Wacker Chemie Reports Q1 2026 Polysilicon Business Decline Amid Industry Challenges

PVTIME – German polysilicon manufacturer Wacker Chemie has confirmed a decline in sales and earnings for its polysilicon division in Q1 2026. Underperformance in the solar-grade polysilicon segment was identified as the main cause. Polysilicon sales in Q1 2026 dropped 8% year-on-year to €226 million ($264.2 million), down from €245 million in Q1 2025. Meanwhile, EBITDA remained stable at €23 million ($26.8 million), compared to €24 million in the same period last year.

While the polysilicon business contracted, the Wacker Group’s overall performance showed mixed results. Group sales decreased year-on-year to €1.41 billion, but EBITDA increased year-on-year and quarter-on-quarter to €173 million, supported by advance customer orders triggered by the conflict in the Middle East. The group’s total revenue for Q1 2026 was €15 million.

Despite challenging market conditions, the company notes a solid Q1 performance, attributing improved earnings to cost-saving measures and advance customer orders. As part of a restructuring and cost-saving initiative launched in 2025, Wacker intends to refocus its polysilicon business on the semiconductor market and move away from solar-grade polysilicon, according to President and CEO Christian Hartel.

Mr Hartel highlights that weak demand persists across key customer sectors, with the conflict in the Middle East exacerbating cost pressures through volatility in the energy, raw materials and logistics markets.

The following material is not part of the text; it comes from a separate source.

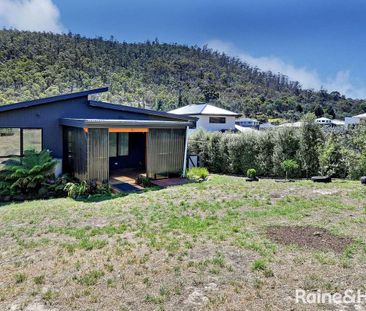 Beautifully Landscaped Family Home - Photo 2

The solar-grade polysilicon industry has long been affected by oversupply and low prices, and these challenges intensified in Q1 2026.

Prices across the PV industry chain have remained sluggish in Q1 2026, with sharp falls in polysilicon and wafer prices, and shrinking end-market demand putting pressure on corporate revenues and margins. Third-party data shows that the average transaction price of N-type polysilicon feedstock fell from RMB 59,200 per tonne in early January to RMB 40,500 per tonne by late March, a decline of around 24.7% in Q1.

Despite 2025 production rate controls, major Chinese polysilicon producers have reported financial losses due to sustained low selling prices. Daqo’s Q1 results, released last week, show a plummeting revenue from $221.7 million in Q4 2025 to $26.7 million. This resulted in a gross loss of $139.4 million, compared to a profit of $15.4 million in the previous quarter. Daqo’s polysilicon sales dropped by 88% year-on-year to 4,500 tonnes, driven by slower deliveries amid intensified domestic price competition.

Tongwei, a leader in integrated PV, also suffered, with operating income falling 23.9% year-on-year to RMB 12.125 billion (down from RMB 15.933 billion) and reporting a net loss of RMB 2.56 billion in Q1. The company attributes this decline to a reduction in its business scale, reflecting weak downstream demand and adjustments in industry production.

In an attempt to address the issue of oversupply, major Chinese producers have been working together to cut output since mid-2025 in an effort to boost prices, while relevant authorities have been holding official industry meetings to mitigate market imbalances.